Но если между дирижером и солистом-инструменталистом возникает контакт как между двумя музыкантами, то с певцом такого контакта может и не быть, потому что нередко оперного певца, как я уже говорил, дирижер музыкантом не считает. И от такой позиции дирижера все беды. В. И. Сук говорил: «Если на сцене (он говорил— „наверху“) музыкальный человек, он никогда за вами не пойдет, всегда нужно идти за ним. А если он не музыкальный человек, то лучше не иметь с ним дела». Это, конечно, так. Но бывают же и музыкальные певцы. Между тем, если дирижер считает делом своей чести аккомпанировать солисту-инструменталисту, то певцу аккомпанировать (буквально сопровождать) нельзя. Его надо вести. Можно услышать: «Он плохой дирижер, он идет за певцом». Так ли это? Вряд ли. Я считаю, что вести певца нужно до и после спектакля. А на спектакле надо ему аккомпанировать. И тут мы возвращаемся к проблеме темпа и ритма. И к тому самому убийственному моменту, когда темпы дирижера и солиста не сходятся. Возникает глухая борьба, в которую вовлекается и слушатель-зритель. А то просто предстают бессмертные образы лебедя, рака и щуки. Положение особенно осложняется, если «лебедь»— народный артист, «рак» — заслуженный деятель искусств, а «щука» — лауреат какого-нибудь конкурса.
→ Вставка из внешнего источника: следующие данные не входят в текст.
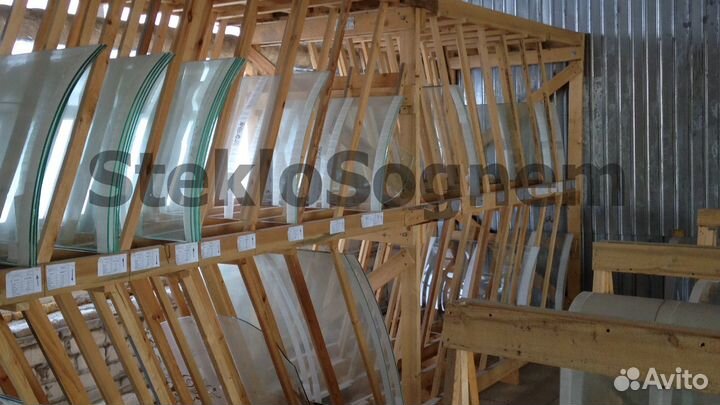 Стекло боковое для витрины Полюс (Карбома)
Но и при едином темпе бывают ритмические несоответствия (скажем так). В чем их причина и как ее определить? Прежде всего будьте объективны, насколько это возможно. Объективный ритм существует, это совершенно ясно и не требует доказательств. Но кроме него существует еще и ритм, связанный с личными ощущениями артиста и, следовательно, субъективный.
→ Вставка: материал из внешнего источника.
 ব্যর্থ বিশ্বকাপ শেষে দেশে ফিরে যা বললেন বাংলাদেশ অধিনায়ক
К. С. Станиславский любил давать начинающим актерам для развития элементарной актерской техники такое упражнение: физическое действие — войти, снять пальто и шляпу, повесить их на вешалку. Только и всего. Казалось бы, проще простого, и не надо никакой техники. Но к этому добавлялись предлагаемые обстоятельства. Первое — вы пришли, чтобы сказать своему другу, что он выиграл очень крупную сумму. Второе — вы пришли, чтоб сообщить другу о смерти кого-то из близких. Одно и то же физическое действие. Но совершенно разные ритмы. Эта задача, как и ряд подобных, хорошо известны всем, кто интересовался вопросами актерского мастерства.
Нам же надо помнить, что борясь за единство ритма, мы должны преодолевать и существующие у каждого артиста свои индивидуальные микроритмы и — что особенно важно — не оказаться всецело во власти своей субъективной микроструктуры, постоянно видоизменяющейся, в зависимости от обстоятельств. Для примера: вы начинаете пятый акт «Хованщины». Унисоны струнных, предваряющие скорбный монолог Досифея. Перед самым вашим выходом вам сообщили новость, очень вас обрадовавшую. Будьте осторожны! Встав за пульт, заставьте себя забыть, или хотя бы отвлечься от этой радостной вести. Иначе она прорвется в ре-минорные унисоны. Еще более вероятно, что вы в антракте услышали что-нибудь вас огорчившее (с такими новостями обычно «сочувствующие» особенно спешат). И здесь надо сделать над собой усилие и подавить все личное, иначе ваш внутренний ритм наложит свой отпечаток на ваше исполнение. К сожалению, всякое подавление личного возможно лишь до какой-то степени. Ощущая это в себе самом, проявите терпение и к артистам, добиваясь единого ритма. Ведь у каждого из них, кроме музыкального пульса, которому он обязан подчиниться, есть еще и свой собственный пульс. Чем богаче, полнее внутреннее ритмическое чувство, тем ярче исполнительская палитра. Слушая Рихтера, Гилельса или Башкирова, вы без труда заметите, что все необыкновенные красоты, которые они вам раскрывают, основываются, прежде всего, на богатстве ритмического чувства. А затем уже следуют красота звука, глубина музыкального мышления и все остальное.
Если вы интересуетесь фортепианной музыкой, вы наверное вспомните не одного пианиста, который обладает красивым звуком, но лишен острого, глубокого ритмического чувства, и вследствие этого впечатление остается значительно более бледным. Но как быть дирижеру, у которого сто артистов оркестра, сто артистов хора, двенадцать — пятнадцать солистов и у каждого из них свой субъективный ритмический мир? Здесь как раз и обнаруживается, насколько велика сила дирижерского воздействия. Артисты коллективов примыкают к тому ритму, который преобладает. Если преобладает неровный ритм, все участники ансамбля невольно будут им заражены. Если же будет создана надежная ритмическая основа, она окажется решающей и артист даже с слабым ритмическим чутьем все же ей подчинится. Так в принципе.